- _What this task involves_: Look in the listing below for the line that has "BMW G01 X3 3D", then return it and each following line up to and including the one with "Disney Collector's Edition", exactly and without pictures.

- _Supplied material_:
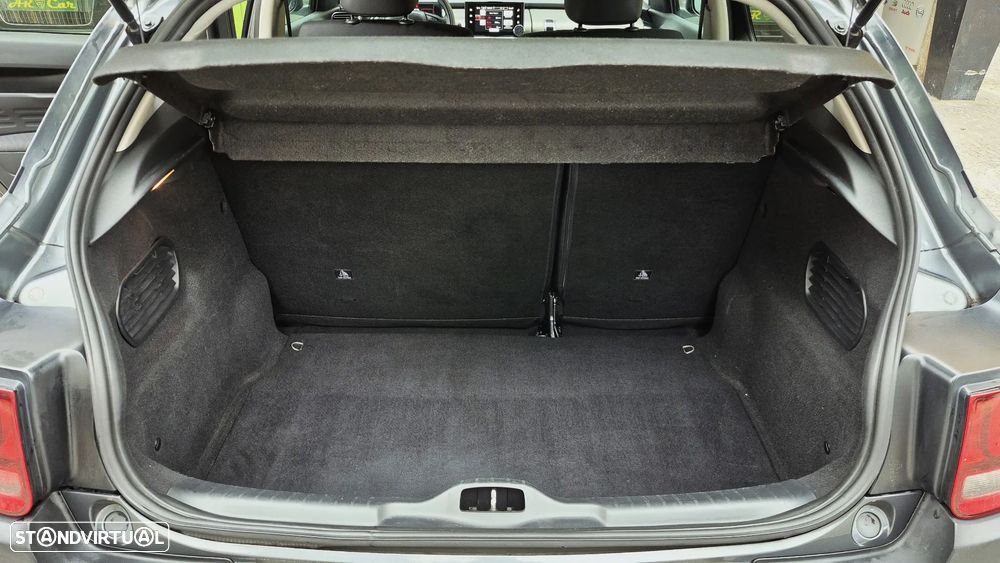 Citroën C4 Cactus 1.6 BlueHDi Feel J17 - 19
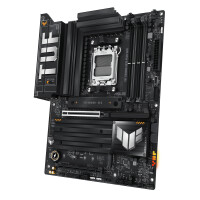 ASUS TUF GAMING X870-PLUS WIFI, AMD, Sockel AM5, AMD Ryzen 7 7th Gen, AMD Ryzen 7 8th Gen, AMD Ryzen 9 7th Gen, AMD Ryzen 9 8th Gen, AMD Ryzen 9..., DDR5-SDRAM, 192 GB, DIMM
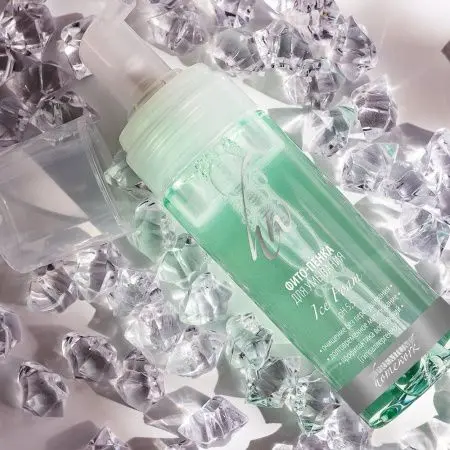 Пенка-фито для умывания  Homework Ice Foam 160 мл фото в интернет магазине | zdorov.by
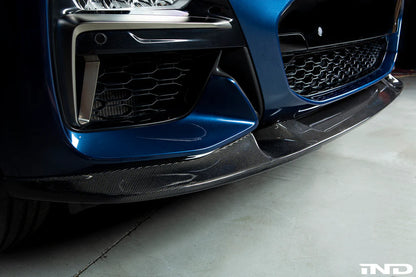BMW G01 X3 3D Design Pre-LCI Carbon Fiber Front Lip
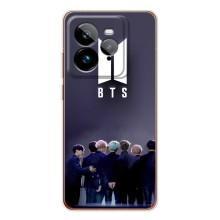 Чехлы BTS для Realme GT 7Pro (AlphaPrint)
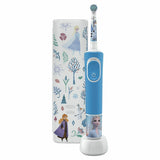 Electric Toothbrush Oral-B D100 KIDS Black Black/Grey-6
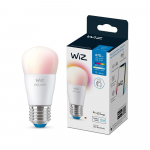 WiZ Connected 40W P45 E27 gudrā LED spuldze 2200-6500K RGB  929003499822 8719514554672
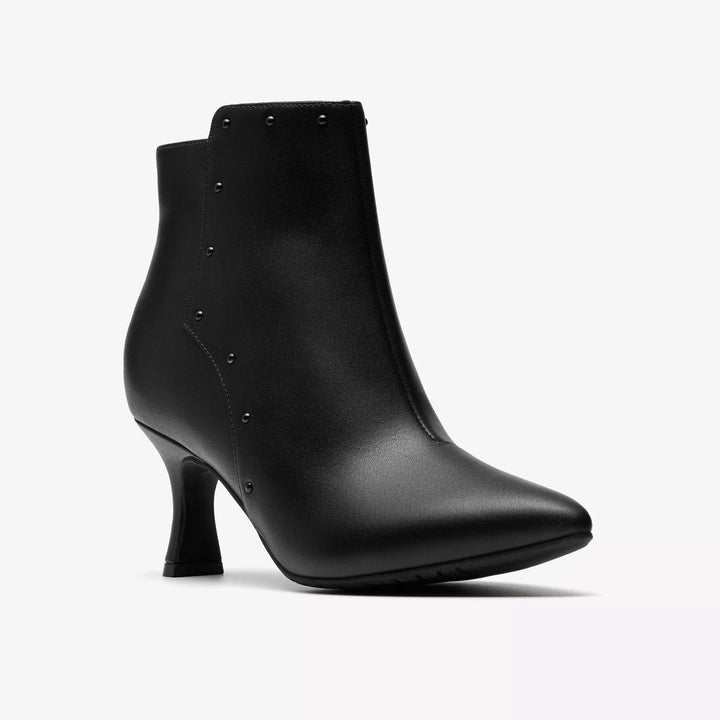 Clarks: Kataleyna Madi Black Boots
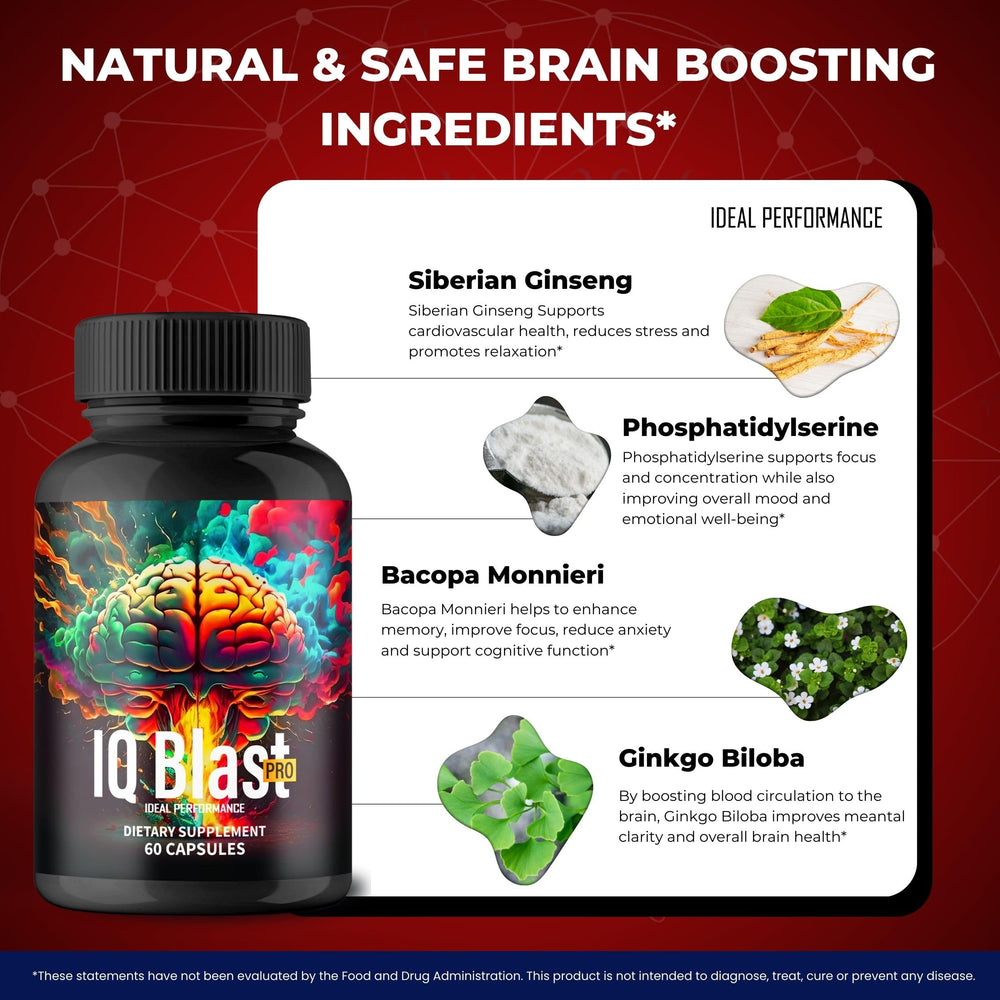 Customer reviews for IQ Blast Pro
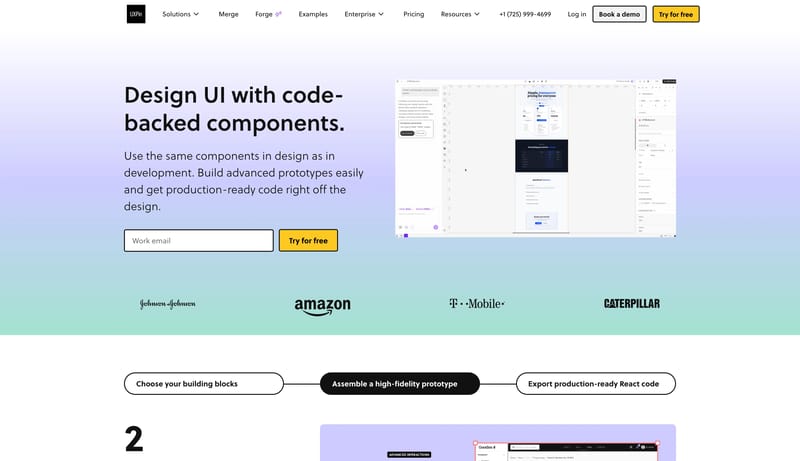 UXPin | UX/UI and Prototyping Tool for Designers & Developers
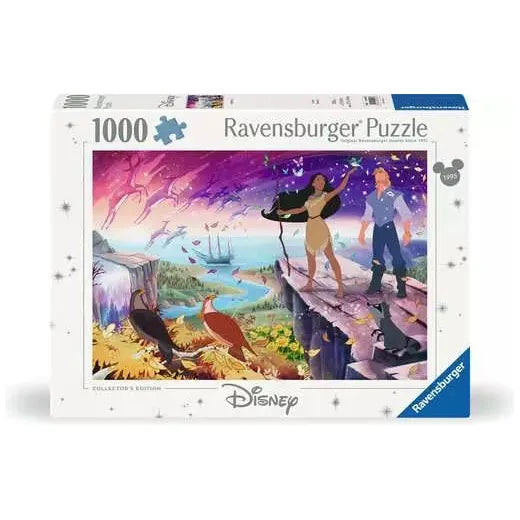 Disney Collector's Edition Pocahontas 1000pc Puzzle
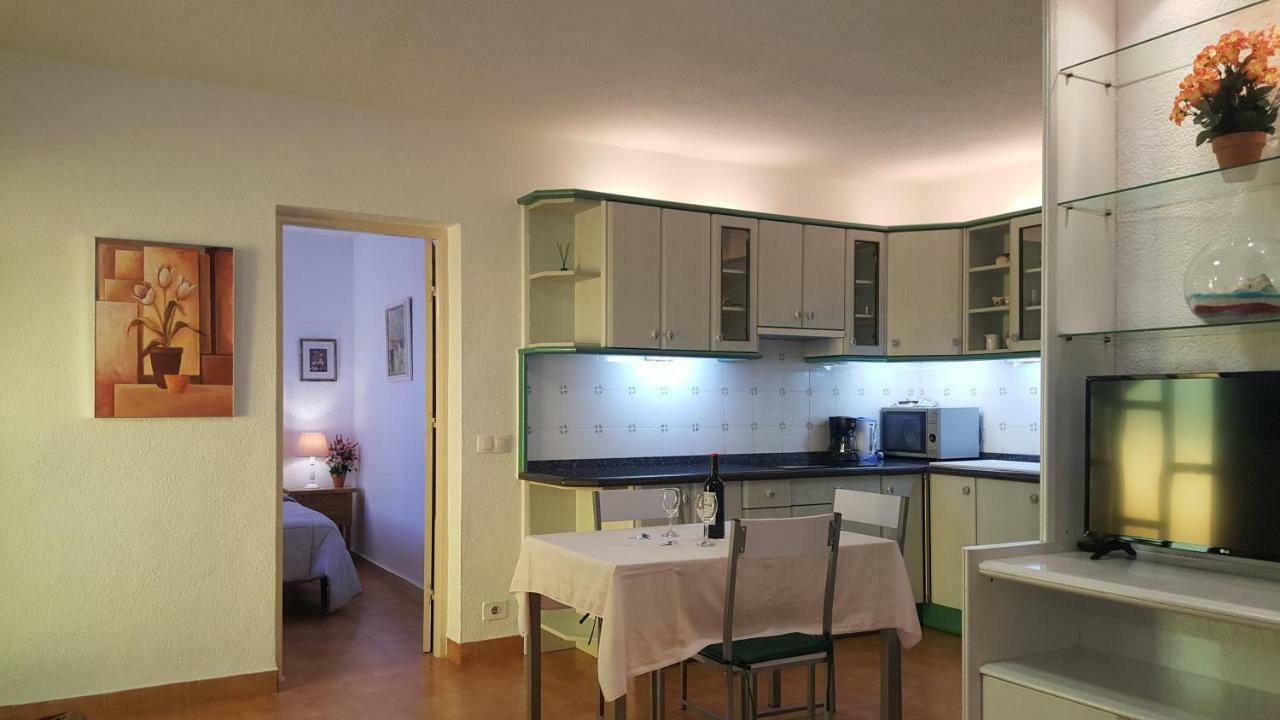 Appartementos Tosall 7 E Calpe Esterno foto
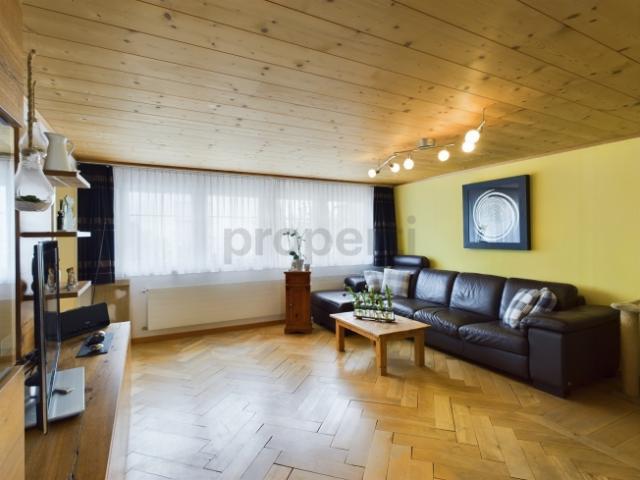 Charmantes EFH mit Dachterrasse ruhig und zentral in Herisau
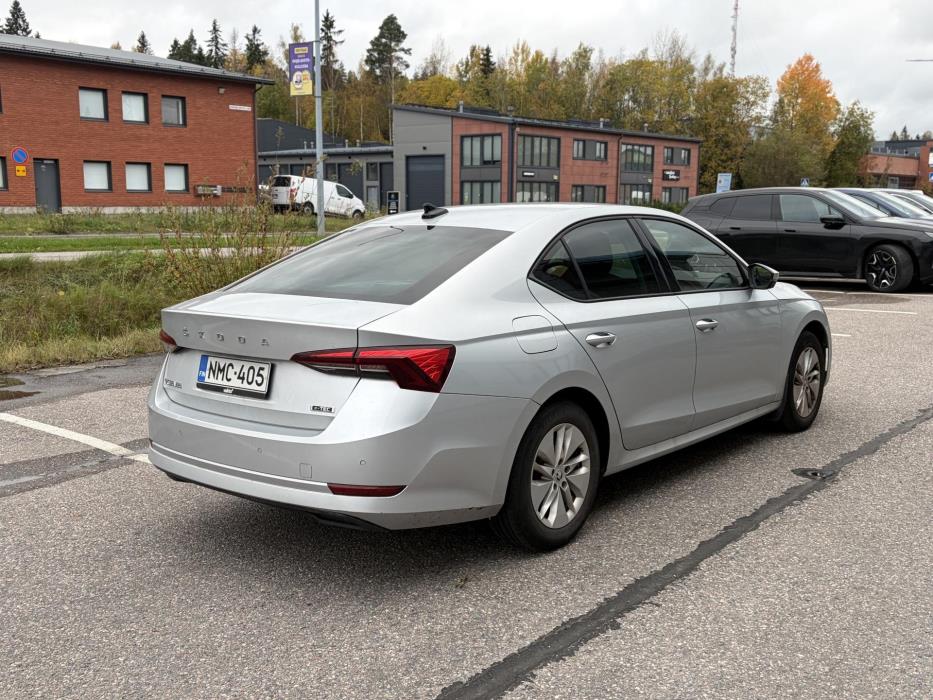 SKODA Octavia 2021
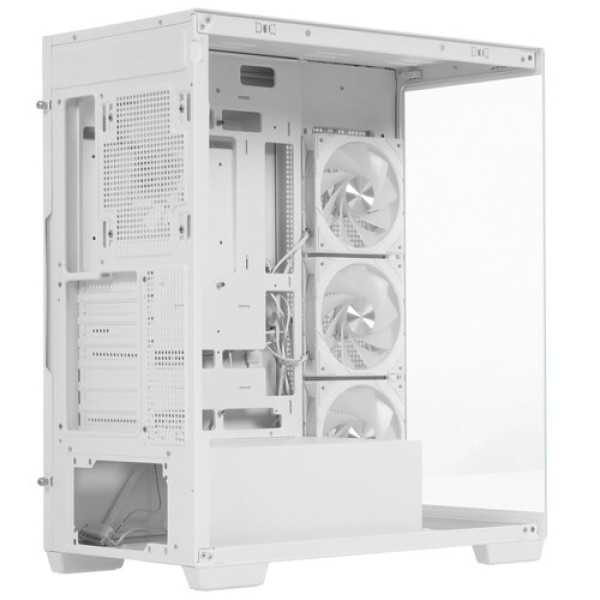 Корпус DEEPCOOL CG580 4F WH [R-CG580-WHADA4-G-1] белый
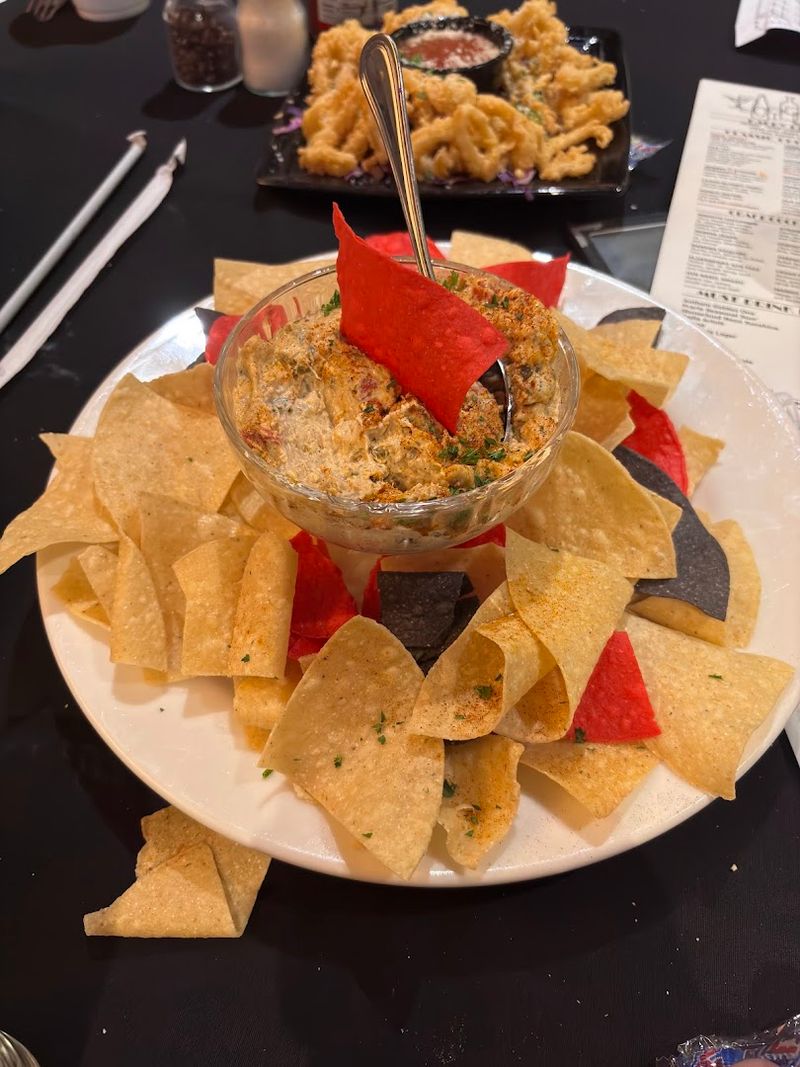 The Hot Crab Dip Redefines the Word Appetizer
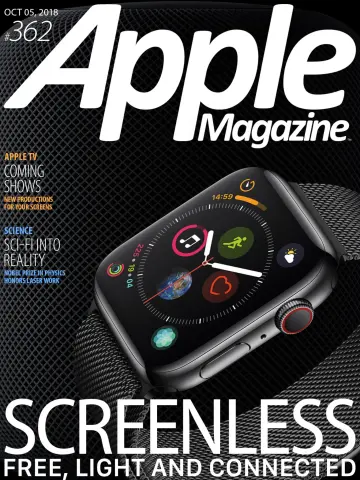 Apple Magazine - 5 Oct 2018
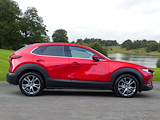 Used Mazda CX-30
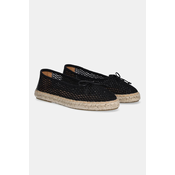 Espadrile Answear.LAB črna barva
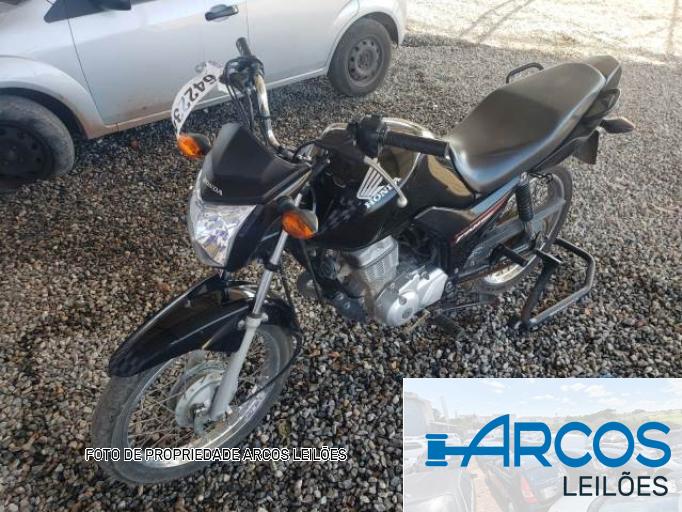 HONDA CG 125I 18/18
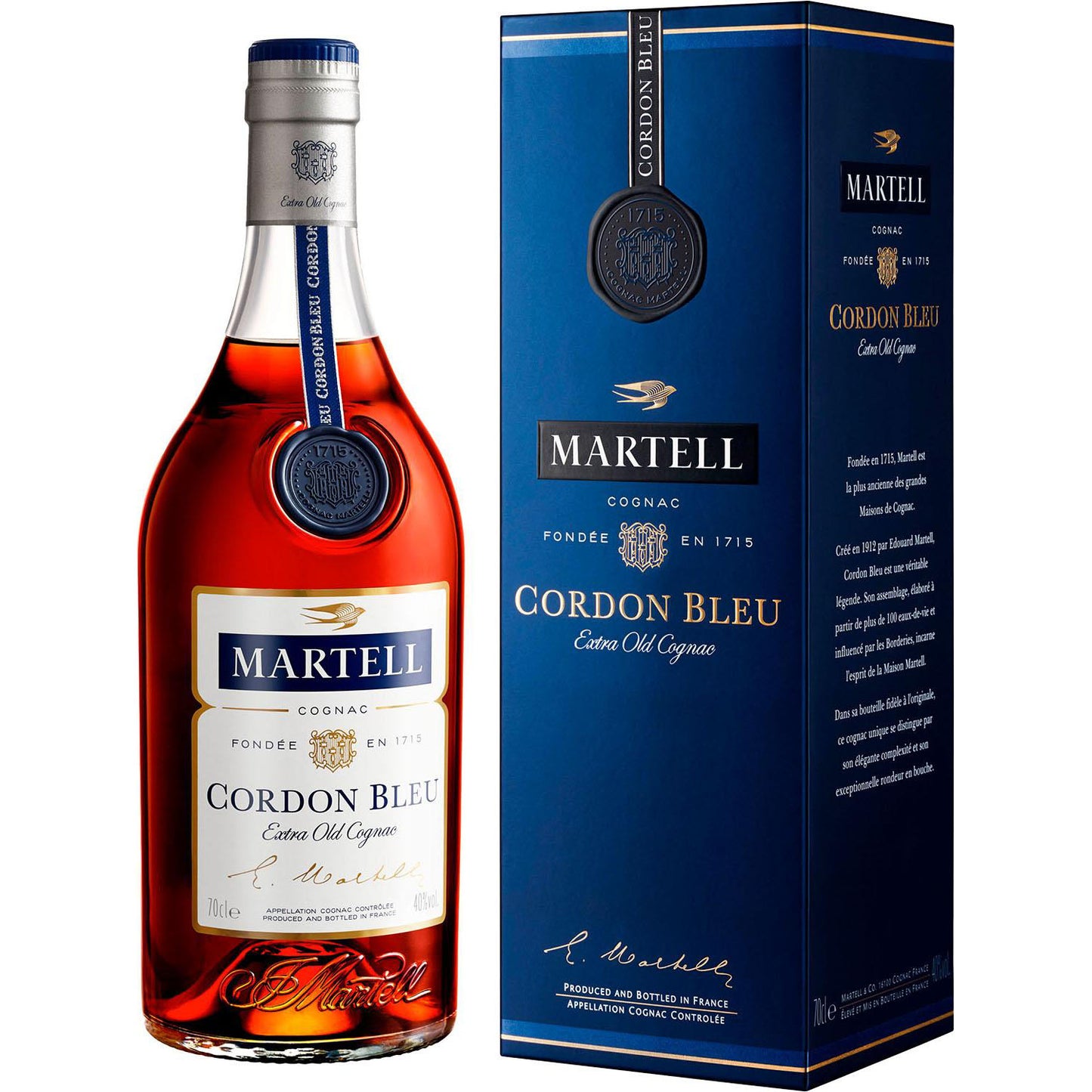 Martell Cordon Bleu 0,7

- _Written response_:
BMW G01 X3 3D Design Pre-LCI Carbon Fiber Front Lip
 Чехлы BTS для Realme GT 7Pro (AlphaPrint)
 Electric Toothbrush Oral-B D100 KIDS Black Black/Grey-6
 WiZ Connected 40W P45 E27 gudrā LED spuldze 2200-6500K RGB  929003499822 8719514554672
 Clarks: Kataleyna Madi Black Boots
 Customer reviews for IQ Blast Pro
 UXPin | UX/UI and Prototyping Tool for Designers & Developers
 Disney Collector's Edition Pocahontas 1000pc Puzzle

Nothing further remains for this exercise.